I believe that is from the Divorce Remedy by Michelle Weiner-Davis.

Good luck,
Stretch


----------



## Stretch

Additionally, 

Tell him to get out, work on yourself, do the 180, go no contact(NC).

If he wants to stay, tell him what your ground rules are, marriage counseling, individual counseling, etc.

If you make him acknowledge what he is losing he might want to work on your marriage.

Stretch


----------



## ne9907

This is what you wrote before. Perhaps re-reading it will put some perspective into your situation.

http://talkaboutmarriage.com/search.php?searchid=17520929


----------



## harrybrown

Sometimes one person trying is not enough to make a marriage happy. I think both spouses need to work hard to make a marriage work. 

He was in love with you once, and we all say some things that are not the truth when we are angry.

Are you still fighting about money or is is something else. 

You can try to make yourself happier, but you can't make your H happy. Maybe you can have an influence on him. Could you do something without your child or children? And then something with the kids?

I would not put to much pressure into Valentine's day this year, but I do hope he does something for V day. If he does, maybe you can as well. 

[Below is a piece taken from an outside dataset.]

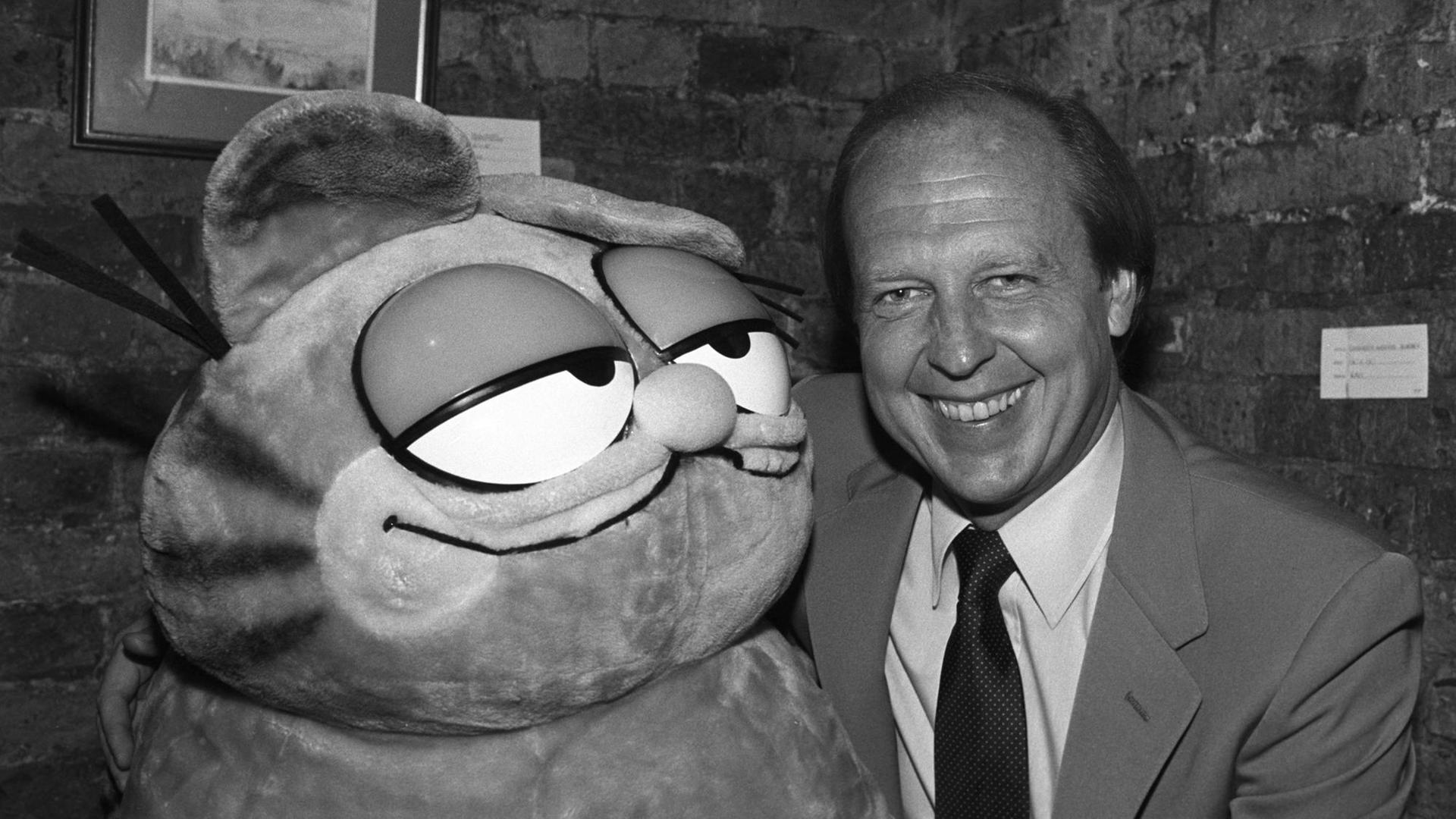 Eine schwarz-weiß-Aufnahme zeigt den amerikanischen Karikaturist Jim Davis mit seiner berühmtesten Kreation Garfield am 25. Oktober 1983. Eine schwarz-weiß-Aufnahme zeigt den amerikanischen Karikaturist Jim Davis mit seiner berühmtesten Kreation Garfield am 25. Oktober 1983.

I hope your future is better.


----------



## Stretch

K,

Learn to love yourself and it won't matter whoe else loves you because you can find all the validation you need from yourself.

This is all about YOU,
Stretch


----------



## whitehawk

So what are you like to come home to then? Do you nag, pester, just talk about bills , depressing or anything, just about the kids and never him or you two ?
Why does he feel like that , how have you changed so much ?

Just wondering,


----------



## indiecat

What do you fight over? Money? Chores? Sex? Lack of affection?


----------